De retour sur la route, nos bidons sont vides. Nos GPS TwoNav Cross+ nous indiquent à gauche la suite de l’itinéraire par une grande voie qui semble s’élancer pour quelques dizaines de kilomètres avant la prochaine ville. À droite, un quartier d’habitation nous fait penser qu’on pourrait y trouver de l’eau avant de s’engager sur la suite de notre parcours. Ce petit détour nous récompense rapidement. Une épicerie typique des villes et villages marocains, le plus souvent ouverte en continue, nous permet de ravitailler nos encas et autres sucreries. En ultracyclisme, on brûle 6000 kcal par jour. Pour compenser, il faut manger. Il faut manger tout le temps, au moins toutes les 20 minutes et consommer plusieurs dizaines de grammes de glucides toutes les heures. Alors, on ne fait pas les difficiles. On mange ce que l’on trouve.

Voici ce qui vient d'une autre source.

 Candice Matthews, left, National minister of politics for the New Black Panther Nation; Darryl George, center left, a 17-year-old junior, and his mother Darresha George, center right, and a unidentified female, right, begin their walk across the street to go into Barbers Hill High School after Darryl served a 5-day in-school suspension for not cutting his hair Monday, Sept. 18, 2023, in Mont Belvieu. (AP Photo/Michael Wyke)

Pendant que nous remplissons nos bidons, un groupe d’enfants s’attroupe autour de nous. Curieux, joyeux avec l’envie d’échanger quelques mots de français ou d’anglais avec ces 2 types étranges, sortis de nulle part, en tenues moulantes, casque sur la tête… Il y en a souvent un ou deux pour réclamer de l’argent mais en ignorant poliment la question, on arrive à avoir un échange sympathique, qui participe de cette rencontre avec un pays.
Alors que l’on reprend notre route, Nicolas me précise qu’il ne serait pas contre un restaurant d’ici une heure pour faire le plein d’un bon plat chaud et salé pour se revigorer complètement. Sur une grande route comme celle sur laquelle on se trouve actuellement, on se dit qu’il va bien y avoir une station service avec la possibilité de se restaurer. Google Maps me le confirme d’ailleurs, dans une quinzaine de kilomètres. Voilà mon Nicolas rassuré.

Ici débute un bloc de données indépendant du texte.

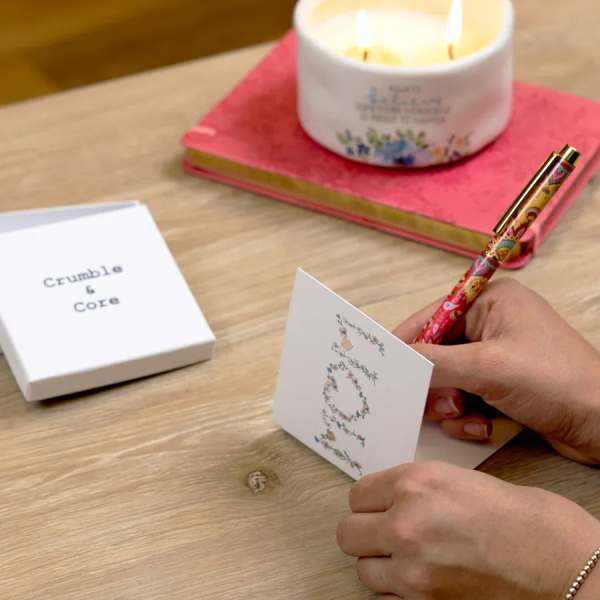Hands writing in a floral greeting card beside a lit candle and card box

Cette route est psychologiquement difficile. Longue, droite, monotone, aux abords plutôt désertiques, au revêtement rugueux qui ne rend rien. Le vent s’est levé, il nous faisait face sur cette voie toute droite, sans abris, avec un profil de faux plat qui oblige à réduire la vitesse pour préserver ses forces. Alors même que nous aurions voulu accélérer pour se débarrasser de l’un des segments les moins intéressants. Pour la première fois aussi, des enfants sur le bord de la route, qui avaient déjà vu passer une grosse trentaine de concurrents, nous interpellent, le plus souvent pour nous saluer, nous encourager. Les enfants tendent leur main afin que l’on puisse se faire une tape amicale. Alors nous aussi on se prête au jeu et on tend notre main, tantôt à droite, tantôt à gauche. Cette énergie à travers leur sourire, leurs cris d’encouragement, cette tape amicale, recharge les batteries mentales de nos esprits fatigués par l’effort continu et les nuits écourtées.

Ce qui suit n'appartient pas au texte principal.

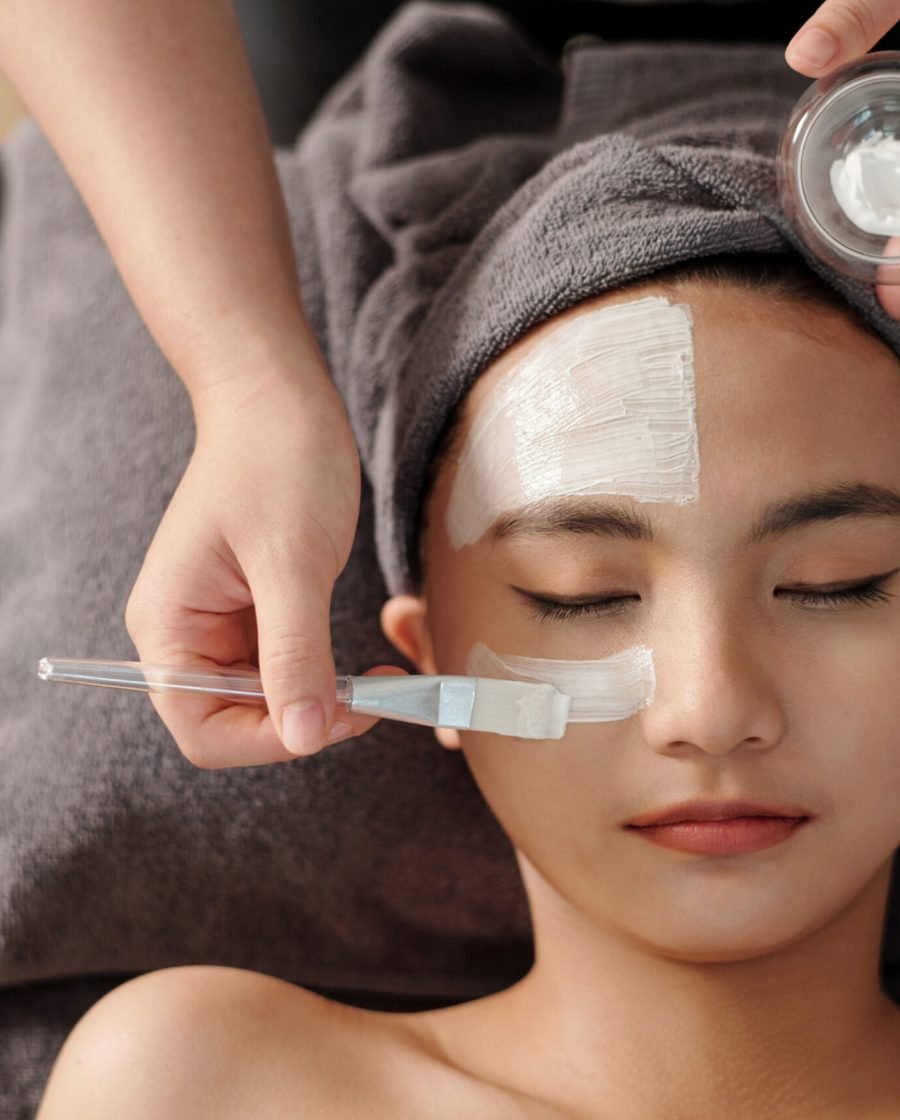 A woman enjoys a rejuvenating facial mask treatment at a serene spa, enhancing her skin's vitality and glow.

Il a bien fallu parcourir près de 50 kilomètres pour finalement arriver à une ville, se protéger du vent et pouvoir trouver un lieu de repos. Dès l’entrée de la ville, une station service offrait un restaurant ou un autre concurrent s’était déjà attablé, ainsi qu’un groupe de motards allemands. Nous décidons de le rejoindre. Surprise, c’était Stéphane avec qui nous avions déjà déjeuné la veille, autour de ce fabuleux tajine de poulet aux olives et au citron. Heureuse coïncidence. Nous reprenons nos échanges en débattant sur les centaines de kilomètres qui nous séparent de ce précédent repas : ces kilomètres de pistes incroyables, cette dernière route interminable et usante… Le déjeuner est l’occasion de voir d’autres concurrents nous rejoindre à table. On sympathise, on rigole, on tente de s’encourager et de se rassurer aussi. C’est sans doute ça aussi la belle camaraderie de la famille BikingMan, et de l’ultracyclisme plus généralement.
Repus, nous reprenons la route et à peine sortie de la ville, une petite tempête de sable nous fouette le visage et les cuisses. Les rafales sont violentes, nous maintenons fermement nos guidons pour ne pas tomber ou se retrouver sur les bas-côtés. C’est comme un grand nuage de poussières jaune, ocre, marron, assez profond, aux contours incertains mais très localisé. La route tourne et la tempête faiblit. Nous prenons de dos ses derniers souffles qui nous conduisent à l’une des dernières ascensions de la journée.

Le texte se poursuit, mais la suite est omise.